Assigned task - From top to bottom, print the listing word for word and skip any pictures it contains.

Material provided -
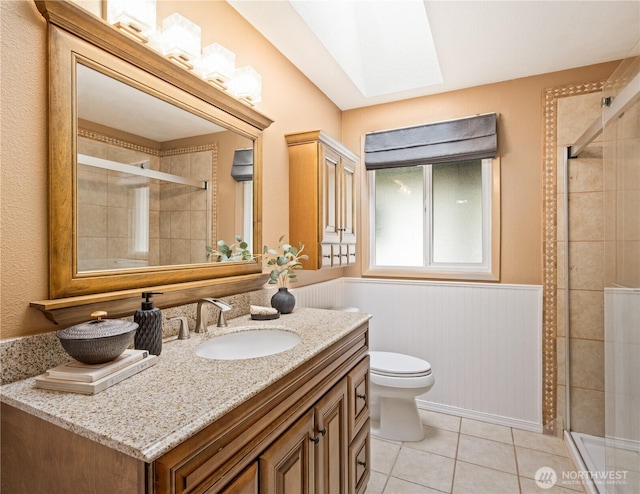 full bath with a skylight, tile patterned flooring, a shower stall, wainscoting, and toilet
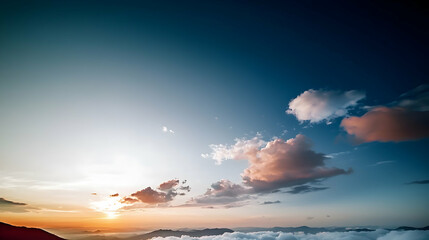 A beautiful cloudy sunrise over mountains and a vast open sky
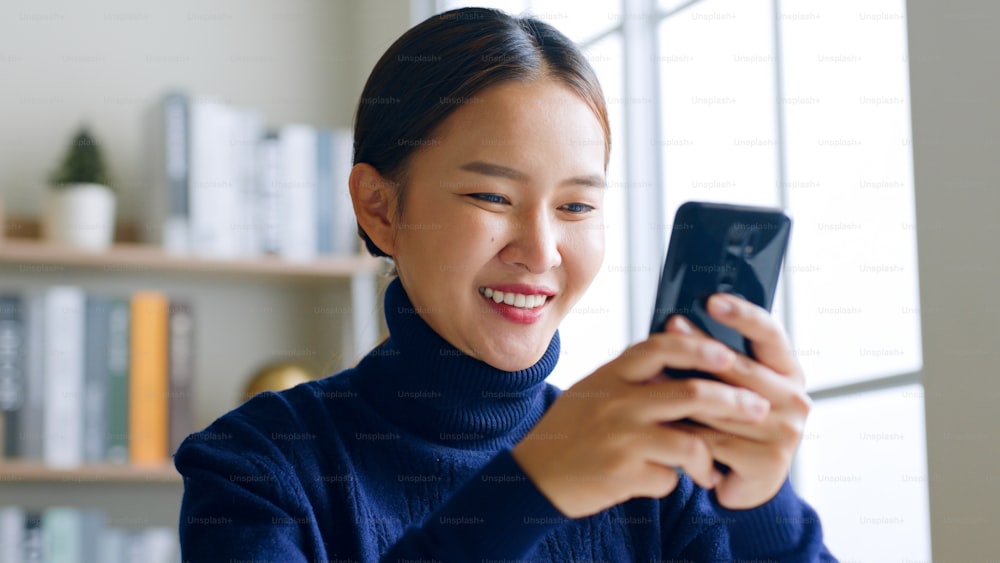 ソーシャルメディアにスマートフォンを使用し、オンラインで買い物をし、家でゲームをして幸せを感じる笑顔の若いアジア人女性
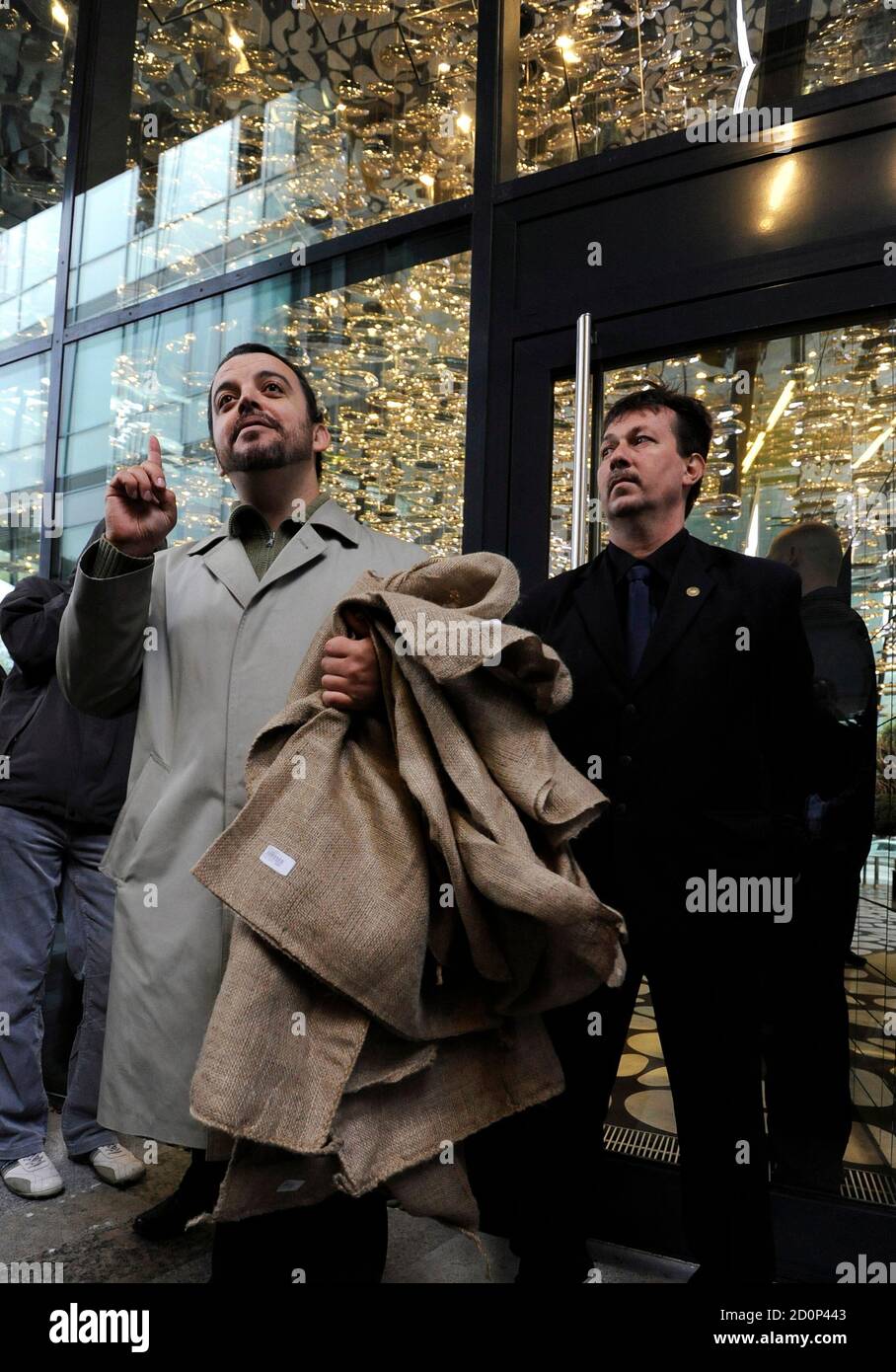 Civil activist Eduard Chmelar (L) holds sacks as he asks for money in front of the headquarters of the J&T financial group during a protest against oligarchy, corruption, and the greed of banks, developers and transnational corporations in Bratislava October 24, 2011. Members of the initiative for the Civil Constitution symbolically occupied the entrance to the building and asked for money for citizens.   REUTERS/Radovan Stoklasa (SLOVAKIA - Tags: BUSINESS CIVIL UNREST) Stock Photo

Expected answer -
 full bath with a skylight, tile patterned flooring, a shower stall, wainscoting, and toilet
 A beautiful cloudy sunrise over mountains and a vast open sky
 ソーシャルメディアにスマートフォンを使用し、オンラインで買い物をし、家でゲームをして幸せを感じる笑顔の若いアジア人女性
 Civil activist Eduard Chmelar (L) holds sacks as he asks for money in front of the headquarters of the J&T financial group during a protest against oligarchy, corruption, and the greed of banks, developers and transnational corporations in Bratislava October 24, 2011. Members of the initiative for the Civil Constitution symbolically occupied the entrance to the building and asked for money for citizens.   REUTERS/Radovan Stoklasa (SLOVAKIA - Tags: BUSINESS CIVIL UNREST) Stock Photo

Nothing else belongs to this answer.